Si la Constitución que se expidió en 1991 formalizó un acuerdo que saciara el apetito del M-19, protagonista del peor episodio de nuestra historia, que lo es el Holocausto del Palacio de Justicia, lo que ahora rige por obra y gracia de la claudicación de todos los poderes públicos coloca a la más sanguinaria y despiadada pandilla criminal que ha pisado el suelo patrio en el umbral del poder para que lleve a efecto su proyecto totalitario y liberticida.

En efecto, todo ahí está pensado para que los criminales de las Farc gocen de impunidad, se organicen políticamente bajo la protección de las autoridades, laven su imagen a través de la manipulación de la Memoria Histórica, la Verdad y la Justicia, gocen de libertad de acción para desestabilizar las instituciones invocando la movilización y la protesta populares, capitalicen la acción social del Estado en beneficio del sector rural, consoliden su poder económico por medio del narcotráfico, etc.

El funesto episodio de la "minga" que acaba de paralizar al suroccidente colombiano a lo largo de casi un mes es muestra fehaciente de lo que se avecina. Los agentes de la subversión gozan de la garantía de que sus desmanes no serán reprimidos ni castigados y, por el contrario, darán para ellos los frutos esperados. El gobierno, impotente para hacer valer sus prerrogativas, se siente bien servido porque no hubo el derramamiento de sangre que esperaban los subversivos para desacreditarlo ante el mundo. Se evitó la masacre que ellos esperaban, pero a costa del desquiciamiento de la autoridad.

Este es, en efecto, uno de los grandes males que aquejan a Colombia y la hacen, como digo, ingobernable. Una opinión mal orientada tiende a censurar el ejercicio de la autoridad, ignorando que sin el cabal ejercicio de la misma no puede haber orden ni garantía alguna de seguridad para los derechos más elementales que debe proteger una sociedad civilizada. 

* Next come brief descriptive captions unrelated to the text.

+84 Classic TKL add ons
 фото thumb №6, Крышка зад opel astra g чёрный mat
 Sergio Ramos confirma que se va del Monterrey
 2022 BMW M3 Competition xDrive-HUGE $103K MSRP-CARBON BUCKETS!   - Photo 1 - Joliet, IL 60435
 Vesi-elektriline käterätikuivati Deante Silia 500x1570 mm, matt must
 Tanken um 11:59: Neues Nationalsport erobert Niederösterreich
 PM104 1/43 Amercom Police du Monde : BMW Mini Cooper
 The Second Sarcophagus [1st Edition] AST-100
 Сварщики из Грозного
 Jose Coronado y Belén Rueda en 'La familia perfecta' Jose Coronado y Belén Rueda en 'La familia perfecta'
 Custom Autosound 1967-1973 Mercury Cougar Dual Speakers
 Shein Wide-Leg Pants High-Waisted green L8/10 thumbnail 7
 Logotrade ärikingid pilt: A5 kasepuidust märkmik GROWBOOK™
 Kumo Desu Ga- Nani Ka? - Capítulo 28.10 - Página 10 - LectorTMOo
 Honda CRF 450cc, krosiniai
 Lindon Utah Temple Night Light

El imperio de la ley ha desaparecido entre nosotros. Los asesinos, los corruptos, los narcotraficantes, los azuzadores, los degenerados, en fin,  los depredadores de todo género, obran a sus anchas porque saben que una ciudadanía desorientada por una prensa mercenaria no está dispuesta a apoyar a las autoridades cuando estas se apliquen a conservar y restaurar el orden social. 

Alguna vez leí un escrito del finado Alberto Aguirre, que en el fondo era un anarquista, en el que citaba un texto de Lévi- Strauss: "La civilización es un reglamento". Pues bien, si queremos hacer de Colombia una sociedad civilizada tenemos que empezar por que sea gobernable, es decir, por la consolidación de la autoridad. Ese es el punto de partida. Si lo desconocemos, todo andará al garete.